Covalent Cross-Linking Process
The physical properties of gels can be improved by comprehensively assessing their covalent cross-linking in a wide range of applications through gene engineering. The mechanical properties of alginate-based hydrogels are first scrutinized by Covalent cross-linking of alginate with polyethylene glycol (PEG) (Eiselt et al., 1999). The mechanical and swelling properties of alginate hydrogels can be firmly controlled using verities of cross-linking molecules, and by regulating the cross-linking densities. The degradation rates, along with mechanical stiffness rather than bi-functional crosslinking molecules, can be regulated through the use of a multi-functional crosslinking agent to form hydrogels.
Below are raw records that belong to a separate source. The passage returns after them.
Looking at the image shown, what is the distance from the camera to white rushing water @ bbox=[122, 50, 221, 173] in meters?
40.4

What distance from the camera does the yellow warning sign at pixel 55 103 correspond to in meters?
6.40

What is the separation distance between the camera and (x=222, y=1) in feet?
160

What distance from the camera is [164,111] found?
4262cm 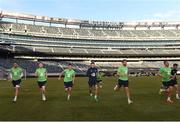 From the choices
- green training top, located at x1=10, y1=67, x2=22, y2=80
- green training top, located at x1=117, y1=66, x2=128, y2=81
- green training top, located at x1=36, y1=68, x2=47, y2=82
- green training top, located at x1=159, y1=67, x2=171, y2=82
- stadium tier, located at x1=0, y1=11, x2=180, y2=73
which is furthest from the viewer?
stadium tier, located at x1=0, y1=11, x2=180, y2=73

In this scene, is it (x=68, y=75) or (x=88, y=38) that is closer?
(x=68, y=75)

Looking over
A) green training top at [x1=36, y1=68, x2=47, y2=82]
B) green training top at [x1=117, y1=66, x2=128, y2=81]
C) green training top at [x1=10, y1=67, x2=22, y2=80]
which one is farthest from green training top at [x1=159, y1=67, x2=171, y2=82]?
green training top at [x1=10, y1=67, x2=22, y2=80]

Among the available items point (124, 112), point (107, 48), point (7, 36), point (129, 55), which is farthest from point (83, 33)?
point (124, 112)

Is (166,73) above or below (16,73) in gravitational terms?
above

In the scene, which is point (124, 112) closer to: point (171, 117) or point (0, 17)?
point (171, 117)

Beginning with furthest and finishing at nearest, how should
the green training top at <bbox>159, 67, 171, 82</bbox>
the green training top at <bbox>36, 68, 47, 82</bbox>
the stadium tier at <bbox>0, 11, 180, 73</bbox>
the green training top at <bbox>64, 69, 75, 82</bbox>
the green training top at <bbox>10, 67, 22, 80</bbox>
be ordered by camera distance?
the stadium tier at <bbox>0, 11, 180, 73</bbox>, the green training top at <bbox>64, 69, 75, 82</bbox>, the green training top at <bbox>36, 68, 47, 82</bbox>, the green training top at <bbox>10, 67, 22, 80</bbox>, the green training top at <bbox>159, 67, 171, 82</bbox>

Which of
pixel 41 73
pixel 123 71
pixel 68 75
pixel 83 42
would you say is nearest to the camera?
pixel 123 71

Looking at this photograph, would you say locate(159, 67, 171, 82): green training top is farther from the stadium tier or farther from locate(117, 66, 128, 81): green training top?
the stadium tier

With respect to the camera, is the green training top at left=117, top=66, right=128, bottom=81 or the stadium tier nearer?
the green training top at left=117, top=66, right=128, bottom=81

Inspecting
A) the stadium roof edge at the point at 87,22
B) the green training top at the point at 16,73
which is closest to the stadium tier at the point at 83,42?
the stadium roof edge at the point at 87,22

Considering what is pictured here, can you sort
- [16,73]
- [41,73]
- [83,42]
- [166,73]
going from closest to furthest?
[166,73], [16,73], [41,73], [83,42]

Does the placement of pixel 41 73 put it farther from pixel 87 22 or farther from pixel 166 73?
pixel 87 22

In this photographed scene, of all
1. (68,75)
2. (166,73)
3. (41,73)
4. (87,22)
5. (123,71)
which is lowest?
(68,75)

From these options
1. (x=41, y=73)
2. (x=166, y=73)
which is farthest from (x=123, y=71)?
(x=41, y=73) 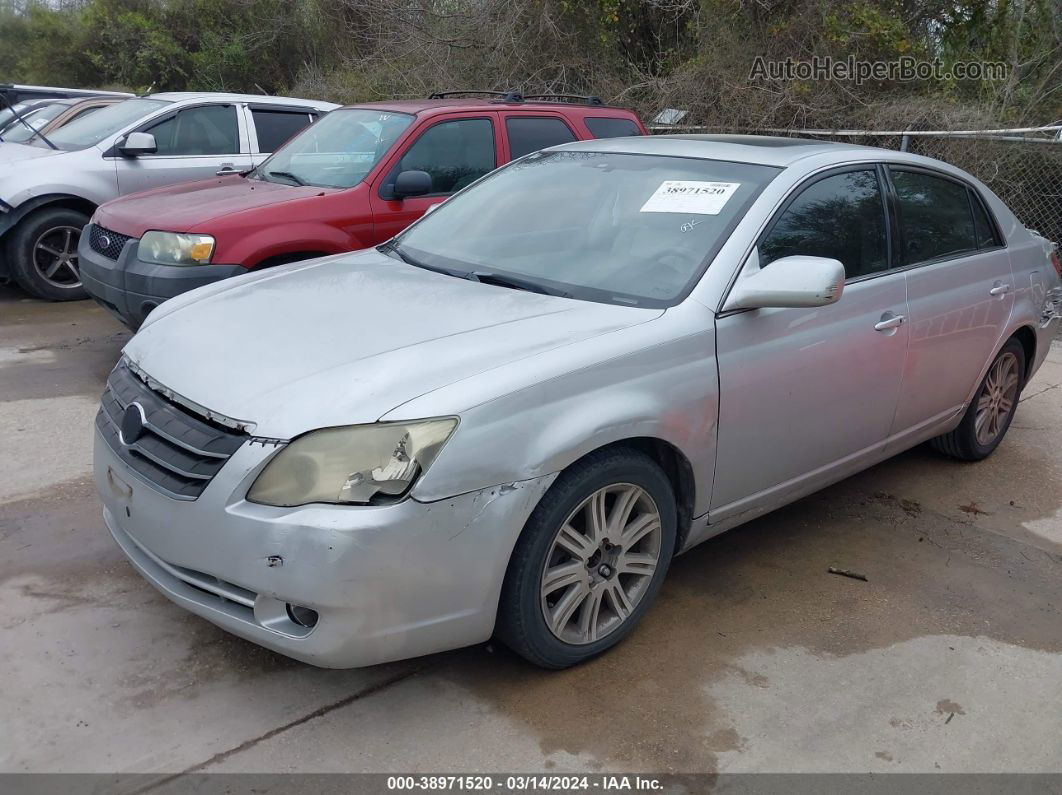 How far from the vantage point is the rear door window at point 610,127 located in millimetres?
7332

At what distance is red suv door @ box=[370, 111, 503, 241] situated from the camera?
6.23m

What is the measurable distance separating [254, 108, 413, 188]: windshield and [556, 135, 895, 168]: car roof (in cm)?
222

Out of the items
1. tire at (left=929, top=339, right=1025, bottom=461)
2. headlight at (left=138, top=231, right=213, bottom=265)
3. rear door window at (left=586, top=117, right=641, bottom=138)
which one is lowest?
tire at (left=929, top=339, right=1025, bottom=461)

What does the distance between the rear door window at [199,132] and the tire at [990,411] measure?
243 inches

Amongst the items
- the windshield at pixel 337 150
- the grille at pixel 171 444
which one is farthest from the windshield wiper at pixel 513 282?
the windshield at pixel 337 150

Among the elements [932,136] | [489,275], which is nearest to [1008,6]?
[932,136]

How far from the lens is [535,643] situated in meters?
2.99

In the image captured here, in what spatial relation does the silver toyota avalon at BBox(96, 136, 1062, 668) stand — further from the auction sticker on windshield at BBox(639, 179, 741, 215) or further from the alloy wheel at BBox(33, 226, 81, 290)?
the alloy wheel at BBox(33, 226, 81, 290)

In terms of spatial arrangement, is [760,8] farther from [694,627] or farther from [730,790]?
[730,790]

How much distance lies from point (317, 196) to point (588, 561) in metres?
3.66

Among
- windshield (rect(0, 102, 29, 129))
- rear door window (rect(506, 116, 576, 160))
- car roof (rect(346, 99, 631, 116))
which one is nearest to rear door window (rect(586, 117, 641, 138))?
car roof (rect(346, 99, 631, 116))

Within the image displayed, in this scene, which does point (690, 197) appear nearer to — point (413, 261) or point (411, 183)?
point (413, 261)

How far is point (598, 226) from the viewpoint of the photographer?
3.85 m

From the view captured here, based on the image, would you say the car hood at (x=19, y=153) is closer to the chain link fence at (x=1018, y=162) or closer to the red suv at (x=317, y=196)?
the red suv at (x=317, y=196) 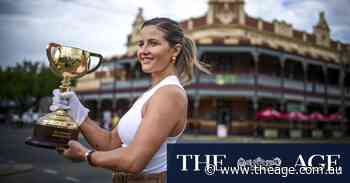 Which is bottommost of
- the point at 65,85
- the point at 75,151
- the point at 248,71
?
the point at 75,151

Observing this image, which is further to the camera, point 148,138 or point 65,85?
point 65,85

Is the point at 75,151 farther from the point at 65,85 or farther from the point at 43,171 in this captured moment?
the point at 43,171

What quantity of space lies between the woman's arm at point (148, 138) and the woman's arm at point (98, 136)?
0.41 metres

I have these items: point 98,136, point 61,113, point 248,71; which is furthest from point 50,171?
point 248,71

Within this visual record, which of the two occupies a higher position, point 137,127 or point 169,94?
point 169,94

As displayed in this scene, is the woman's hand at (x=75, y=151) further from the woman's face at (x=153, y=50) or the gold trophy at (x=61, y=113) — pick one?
the woman's face at (x=153, y=50)

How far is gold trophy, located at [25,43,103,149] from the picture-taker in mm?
1621

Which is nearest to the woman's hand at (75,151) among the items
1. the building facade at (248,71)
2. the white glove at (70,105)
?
the white glove at (70,105)

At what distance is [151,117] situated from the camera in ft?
5.09

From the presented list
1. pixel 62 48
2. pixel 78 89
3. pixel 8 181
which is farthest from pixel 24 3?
pixel 78 89

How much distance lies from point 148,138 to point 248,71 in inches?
1036

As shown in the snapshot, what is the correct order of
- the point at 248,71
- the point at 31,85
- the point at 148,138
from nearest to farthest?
the point at 148,138 < the point at 248,71 < the point at 31,85

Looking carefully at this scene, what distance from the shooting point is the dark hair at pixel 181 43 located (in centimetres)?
180

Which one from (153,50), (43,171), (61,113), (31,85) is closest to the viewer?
(61,113)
Hence, based on physico-mechanical properties, the reduction polyaldehydeguluronate (PAG) gels can be oriented with poly (acrylamide-co-hydrazide)/PAH as a multi-functional cross-linker or adipic acid dihydrazide/AAD as a bi-functional cross-linker through in vitro monitoring. It is observed that PAG/PAH gels possess higher mechanical stiffness before reduction and degraded more slowly than PAG/AAD gels (Lee et al., 2004). This approach is intriguing where the photo cross-linking to gelation exploits cross-linking. By using the appropriate photo (chemical) initiator, photo cross-linking may be an exciting approach to gelation that exploits covalent cross-linking. Although photo cross-linking can be carried out in gentle reaction conditions, it can still indirectly make contact with drugs and cells. Alginate forms a clear, flexible hydrogel when modification occurs with methyacrylateand cross-linked in optimum conditions, for instance, exposed to a laser for 30 s (514 nm, argon-ion laser) in the presence of eosin and tri-ethanolamine. As photo cross-linking reactions are harmful to the body, they can be partially modified using polyallylamine with α-phenoxycinnamyldieneacetyl chloride creating a new approach for photo cross-linking reactions that does not release any toxic byproducts (Sun and Tan, 1972).
Thermal Gelation Process
The gel formation mechanism can be described by the thermo-responsive phase transition in response to external temperature for preparing fluidic scaffold (Jinchen and Huaping, 2013). The released water molecules bind to the isopropyl group, consequently increasing inter-and intra-molecular hydrophobic interactions. As a result thermosensitive alginate hydrogel was achieved by incorporatingpoly-N-iso-propylacrylamide (PNIPAAm) and its backbone. In this synthesis, an amino-terminated NIPAAm copolymer (PNIPAAm-NH2) covalently coupled with carboxyl groups (-COOH) of alginate involving water-soluble carbodiimide chemistry. The temperature-dependent behavior of PNIPAAm-g-alginate hydrogels showed a remarkable decrease in the swelling ratio above 32°C (Figure 6).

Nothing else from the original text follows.